Exercise goal: From the first line of the entries below to the line with "-LOI- PAKET SERVICE", give each line again exactly.

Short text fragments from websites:
=====

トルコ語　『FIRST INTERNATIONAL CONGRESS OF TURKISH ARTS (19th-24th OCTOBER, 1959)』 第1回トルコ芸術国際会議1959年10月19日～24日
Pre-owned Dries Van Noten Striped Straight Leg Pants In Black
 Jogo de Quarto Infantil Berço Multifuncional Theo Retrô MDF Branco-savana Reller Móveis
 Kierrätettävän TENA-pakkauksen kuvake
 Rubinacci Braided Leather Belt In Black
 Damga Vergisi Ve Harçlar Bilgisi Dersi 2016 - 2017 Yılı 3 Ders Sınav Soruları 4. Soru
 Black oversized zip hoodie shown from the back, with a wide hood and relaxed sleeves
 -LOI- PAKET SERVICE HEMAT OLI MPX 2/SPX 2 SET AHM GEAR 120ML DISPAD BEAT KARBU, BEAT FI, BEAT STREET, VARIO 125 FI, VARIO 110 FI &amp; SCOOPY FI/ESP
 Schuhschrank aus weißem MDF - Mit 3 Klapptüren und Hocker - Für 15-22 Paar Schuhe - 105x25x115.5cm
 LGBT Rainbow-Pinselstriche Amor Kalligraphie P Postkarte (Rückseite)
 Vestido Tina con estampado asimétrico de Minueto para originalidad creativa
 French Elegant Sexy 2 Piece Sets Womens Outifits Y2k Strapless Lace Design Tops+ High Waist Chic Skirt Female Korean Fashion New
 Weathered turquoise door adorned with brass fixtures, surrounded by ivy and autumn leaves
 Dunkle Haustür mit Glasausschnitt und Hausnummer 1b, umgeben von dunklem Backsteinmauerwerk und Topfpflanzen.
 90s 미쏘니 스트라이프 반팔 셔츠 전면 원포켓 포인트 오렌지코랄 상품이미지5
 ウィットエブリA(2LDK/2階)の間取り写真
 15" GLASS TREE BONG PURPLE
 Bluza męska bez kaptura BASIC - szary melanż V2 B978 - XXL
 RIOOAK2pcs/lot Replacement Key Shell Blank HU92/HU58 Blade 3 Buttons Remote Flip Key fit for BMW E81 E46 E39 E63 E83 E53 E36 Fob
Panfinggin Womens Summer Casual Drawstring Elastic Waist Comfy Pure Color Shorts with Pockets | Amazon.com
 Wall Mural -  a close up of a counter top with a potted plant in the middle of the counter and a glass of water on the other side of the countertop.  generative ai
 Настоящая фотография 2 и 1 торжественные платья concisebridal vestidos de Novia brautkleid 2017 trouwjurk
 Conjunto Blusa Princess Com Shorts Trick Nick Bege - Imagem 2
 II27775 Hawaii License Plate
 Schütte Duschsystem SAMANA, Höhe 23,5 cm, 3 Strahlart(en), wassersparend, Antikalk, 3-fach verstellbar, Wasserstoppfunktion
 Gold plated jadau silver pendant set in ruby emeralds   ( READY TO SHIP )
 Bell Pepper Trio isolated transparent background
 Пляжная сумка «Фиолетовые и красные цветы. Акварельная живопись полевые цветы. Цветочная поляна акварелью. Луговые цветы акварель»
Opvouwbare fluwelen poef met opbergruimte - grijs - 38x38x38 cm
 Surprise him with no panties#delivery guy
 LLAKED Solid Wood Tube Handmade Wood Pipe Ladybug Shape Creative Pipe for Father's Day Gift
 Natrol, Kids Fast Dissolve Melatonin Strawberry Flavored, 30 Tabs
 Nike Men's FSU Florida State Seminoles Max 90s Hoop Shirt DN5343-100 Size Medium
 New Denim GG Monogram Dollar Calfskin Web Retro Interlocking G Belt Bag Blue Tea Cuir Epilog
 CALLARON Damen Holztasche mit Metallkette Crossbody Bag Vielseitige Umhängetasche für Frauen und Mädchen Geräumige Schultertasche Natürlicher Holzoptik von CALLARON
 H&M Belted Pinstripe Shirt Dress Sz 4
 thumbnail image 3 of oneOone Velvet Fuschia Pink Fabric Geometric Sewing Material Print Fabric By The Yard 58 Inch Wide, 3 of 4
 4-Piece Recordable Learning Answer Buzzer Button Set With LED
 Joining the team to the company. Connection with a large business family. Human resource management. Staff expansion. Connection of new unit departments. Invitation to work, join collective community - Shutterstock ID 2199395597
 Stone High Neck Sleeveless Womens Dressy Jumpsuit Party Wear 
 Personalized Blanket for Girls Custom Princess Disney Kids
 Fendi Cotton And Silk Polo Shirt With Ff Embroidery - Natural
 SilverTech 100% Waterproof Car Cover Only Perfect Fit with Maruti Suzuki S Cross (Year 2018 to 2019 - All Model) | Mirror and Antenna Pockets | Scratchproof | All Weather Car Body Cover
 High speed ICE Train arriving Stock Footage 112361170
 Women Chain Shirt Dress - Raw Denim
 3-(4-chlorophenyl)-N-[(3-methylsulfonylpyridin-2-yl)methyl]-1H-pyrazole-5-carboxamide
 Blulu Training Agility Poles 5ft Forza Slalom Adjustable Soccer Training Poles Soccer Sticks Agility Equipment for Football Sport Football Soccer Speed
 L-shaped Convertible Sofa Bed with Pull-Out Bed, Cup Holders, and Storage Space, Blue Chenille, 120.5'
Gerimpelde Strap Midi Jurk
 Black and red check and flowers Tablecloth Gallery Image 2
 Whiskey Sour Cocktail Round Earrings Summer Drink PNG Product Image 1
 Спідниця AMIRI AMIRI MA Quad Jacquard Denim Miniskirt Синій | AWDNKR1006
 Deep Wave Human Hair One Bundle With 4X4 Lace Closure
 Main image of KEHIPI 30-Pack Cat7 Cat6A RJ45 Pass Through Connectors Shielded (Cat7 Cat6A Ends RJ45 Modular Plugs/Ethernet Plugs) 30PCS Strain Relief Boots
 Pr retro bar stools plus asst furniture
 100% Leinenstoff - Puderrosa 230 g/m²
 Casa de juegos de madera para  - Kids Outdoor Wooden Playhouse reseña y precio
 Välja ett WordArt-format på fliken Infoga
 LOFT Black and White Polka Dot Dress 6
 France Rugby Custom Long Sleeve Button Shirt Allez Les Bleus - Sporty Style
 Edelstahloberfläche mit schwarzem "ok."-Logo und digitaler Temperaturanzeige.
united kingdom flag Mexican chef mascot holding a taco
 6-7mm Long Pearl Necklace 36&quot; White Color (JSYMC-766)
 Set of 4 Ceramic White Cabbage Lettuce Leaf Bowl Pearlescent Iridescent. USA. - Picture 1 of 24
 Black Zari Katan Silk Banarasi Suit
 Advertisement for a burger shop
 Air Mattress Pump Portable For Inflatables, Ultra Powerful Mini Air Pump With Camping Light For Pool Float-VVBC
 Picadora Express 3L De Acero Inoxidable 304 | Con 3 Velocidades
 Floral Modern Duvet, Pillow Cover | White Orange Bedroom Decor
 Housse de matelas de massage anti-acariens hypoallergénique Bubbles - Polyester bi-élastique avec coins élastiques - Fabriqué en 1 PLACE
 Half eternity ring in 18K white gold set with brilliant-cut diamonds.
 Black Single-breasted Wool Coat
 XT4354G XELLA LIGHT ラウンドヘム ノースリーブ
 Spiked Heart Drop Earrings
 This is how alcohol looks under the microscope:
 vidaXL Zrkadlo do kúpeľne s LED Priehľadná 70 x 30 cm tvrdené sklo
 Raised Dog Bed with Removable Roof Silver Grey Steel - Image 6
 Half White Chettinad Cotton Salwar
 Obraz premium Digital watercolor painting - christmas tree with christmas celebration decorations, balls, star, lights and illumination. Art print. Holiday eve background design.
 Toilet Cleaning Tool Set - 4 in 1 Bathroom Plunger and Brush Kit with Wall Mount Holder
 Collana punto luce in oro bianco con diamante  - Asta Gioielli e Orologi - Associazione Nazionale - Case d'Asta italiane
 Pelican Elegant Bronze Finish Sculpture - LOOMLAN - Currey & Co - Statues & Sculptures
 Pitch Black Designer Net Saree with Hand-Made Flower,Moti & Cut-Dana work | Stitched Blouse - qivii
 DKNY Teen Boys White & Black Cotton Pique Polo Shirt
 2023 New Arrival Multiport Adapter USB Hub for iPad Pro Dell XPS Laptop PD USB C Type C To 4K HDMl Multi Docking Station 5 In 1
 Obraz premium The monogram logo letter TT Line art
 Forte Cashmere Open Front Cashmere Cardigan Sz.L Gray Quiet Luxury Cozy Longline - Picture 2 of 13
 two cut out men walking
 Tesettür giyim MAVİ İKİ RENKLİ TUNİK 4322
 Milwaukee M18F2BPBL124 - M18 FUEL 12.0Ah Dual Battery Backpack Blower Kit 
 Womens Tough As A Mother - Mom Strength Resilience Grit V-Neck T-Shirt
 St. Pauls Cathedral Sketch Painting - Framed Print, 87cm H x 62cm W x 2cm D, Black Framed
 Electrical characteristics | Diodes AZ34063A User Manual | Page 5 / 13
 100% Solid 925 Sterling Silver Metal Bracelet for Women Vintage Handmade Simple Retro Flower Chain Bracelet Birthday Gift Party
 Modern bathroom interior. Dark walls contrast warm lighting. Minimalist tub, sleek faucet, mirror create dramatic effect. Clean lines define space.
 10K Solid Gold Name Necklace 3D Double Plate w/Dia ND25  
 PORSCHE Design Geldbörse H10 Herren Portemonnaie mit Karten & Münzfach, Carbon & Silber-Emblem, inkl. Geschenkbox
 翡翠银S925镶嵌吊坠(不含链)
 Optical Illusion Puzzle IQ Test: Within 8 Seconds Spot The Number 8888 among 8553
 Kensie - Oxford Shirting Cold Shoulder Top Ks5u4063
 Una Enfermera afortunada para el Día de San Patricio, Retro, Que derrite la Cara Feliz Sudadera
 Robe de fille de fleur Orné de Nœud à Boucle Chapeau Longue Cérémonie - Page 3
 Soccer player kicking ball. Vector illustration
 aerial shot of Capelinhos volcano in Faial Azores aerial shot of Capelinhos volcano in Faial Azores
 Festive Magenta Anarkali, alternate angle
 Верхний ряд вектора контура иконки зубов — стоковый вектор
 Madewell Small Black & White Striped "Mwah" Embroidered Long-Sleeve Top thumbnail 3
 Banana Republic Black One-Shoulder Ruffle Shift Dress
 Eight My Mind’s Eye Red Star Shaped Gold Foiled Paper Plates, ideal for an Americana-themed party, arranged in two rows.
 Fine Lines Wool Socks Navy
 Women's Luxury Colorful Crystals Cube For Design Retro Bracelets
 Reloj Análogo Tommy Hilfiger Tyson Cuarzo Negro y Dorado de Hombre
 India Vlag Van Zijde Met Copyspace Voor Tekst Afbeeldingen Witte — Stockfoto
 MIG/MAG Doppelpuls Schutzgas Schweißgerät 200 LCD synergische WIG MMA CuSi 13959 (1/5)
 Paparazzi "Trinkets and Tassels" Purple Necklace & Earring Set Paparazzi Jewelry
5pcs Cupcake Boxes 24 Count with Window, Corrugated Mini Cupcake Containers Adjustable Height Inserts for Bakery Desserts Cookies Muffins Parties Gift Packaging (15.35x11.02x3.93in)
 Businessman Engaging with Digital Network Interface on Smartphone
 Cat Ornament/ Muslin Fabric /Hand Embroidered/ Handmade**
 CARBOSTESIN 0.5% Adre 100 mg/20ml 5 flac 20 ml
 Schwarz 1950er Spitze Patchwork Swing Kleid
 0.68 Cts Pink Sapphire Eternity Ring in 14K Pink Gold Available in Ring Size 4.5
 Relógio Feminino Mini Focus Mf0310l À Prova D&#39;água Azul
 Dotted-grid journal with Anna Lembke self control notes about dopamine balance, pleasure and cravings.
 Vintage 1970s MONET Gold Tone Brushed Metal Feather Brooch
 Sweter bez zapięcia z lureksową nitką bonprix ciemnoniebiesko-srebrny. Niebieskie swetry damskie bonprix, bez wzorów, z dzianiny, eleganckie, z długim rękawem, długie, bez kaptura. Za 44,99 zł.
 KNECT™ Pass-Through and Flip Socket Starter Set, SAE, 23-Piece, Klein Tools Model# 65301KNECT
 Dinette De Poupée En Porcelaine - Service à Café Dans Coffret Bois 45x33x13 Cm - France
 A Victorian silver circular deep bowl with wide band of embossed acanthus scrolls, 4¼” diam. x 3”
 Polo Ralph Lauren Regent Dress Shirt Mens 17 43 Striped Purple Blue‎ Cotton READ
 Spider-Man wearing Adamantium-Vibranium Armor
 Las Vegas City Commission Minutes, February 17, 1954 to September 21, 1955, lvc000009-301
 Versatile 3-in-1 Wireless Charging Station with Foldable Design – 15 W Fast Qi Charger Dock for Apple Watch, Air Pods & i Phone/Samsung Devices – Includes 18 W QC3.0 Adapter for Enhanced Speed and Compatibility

=====

Solution to this exercise:
トルコ語　『FIRST INTERNATIONAL CONGRESS OF TURKISH ARTS (19th-24th OCTOBER, 1959)』 第1回トルコ芸術国際会議1959年10月19日～24日
Pre-owned Dries Van Noten Striped Straight Leg Pants In Black
 Jogo de Quarto Infantil Berço Multifuncional Theo Retrô MDF Branco-savana Reller Móveis
 Kierrätettävän TENA-pakkauksen kuvake
 Rubinacci Braided Leather Belt In Black
 Damga Vergisi Ve Harçlar Bilgisi Dersi 2016 - 2017 Yılı 3 Ders Sınav Soruları 4. Soru
 Black oversized zip hoodie shown from the back, with a wide hood and relaxed sleeves
 -LOI- PAKET SERVICE HEMAT OLI MPX 2/SPX 2 SET AHM GEAR 120ML DISPAD BEAT KARBU, BEAT FI, BEAT STREET, VARIO 125 FI, VARIO 110 FI &amp; SCOOPY FI/ESP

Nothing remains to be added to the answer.